Quantitative analysis of the effects of strain-state on the microstructure and J(sub c) of BSCCO tapes

摘要

After considerable optimization efforts, conventional thermomechanical processing of long, high temperature superconductors has not produced critical current densities (J(sub c)) adequate for most liquid nitrogen temperature applications. New approaches are needed to improve the J(sub c) of superconducting tape produced by co-deforming a ductile silver sheath containing the superconducting oxide using the powder-in-tube process. This study investigates improvements in J(sub c) generated by modifying the strain-state during rolling of silver-sheathed Bi(sub 2)Sr(sub 2)Ca(sub 2)Cu(sub 3)O(sub 10+x) (BSCCO-2223) tape using quantitative image analysis of the different phases.
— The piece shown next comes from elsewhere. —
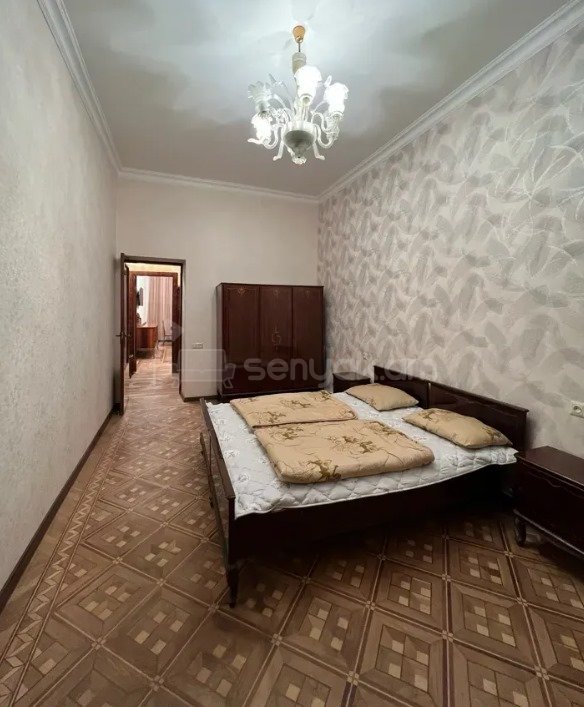 2 Սենյականոց Բնակարան Քարե Շենքում, 90քմ, 1/4 հարկ, Կապիտալ Վերանորոգված, Կահավորված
Pure compression and combined compression-shear loading was achieved by embedding BSCCO-2223 tapes at different locations within thick steel blocks. High hydrostatic compressive stress was imposed by confining the tape width. Tapes deformed with combined shear-compression exhibited measurably higher J(sub c) values than tapes subjected to pure compression, but their microstructures showed little difference in the amount of nonconducting (including porosity) phase content. However, constraining the tape width resulted in the most significant increase in J(sub c) which corresponded to a much lower porosity and nonconducting phase volume in the oxide near the tape edge.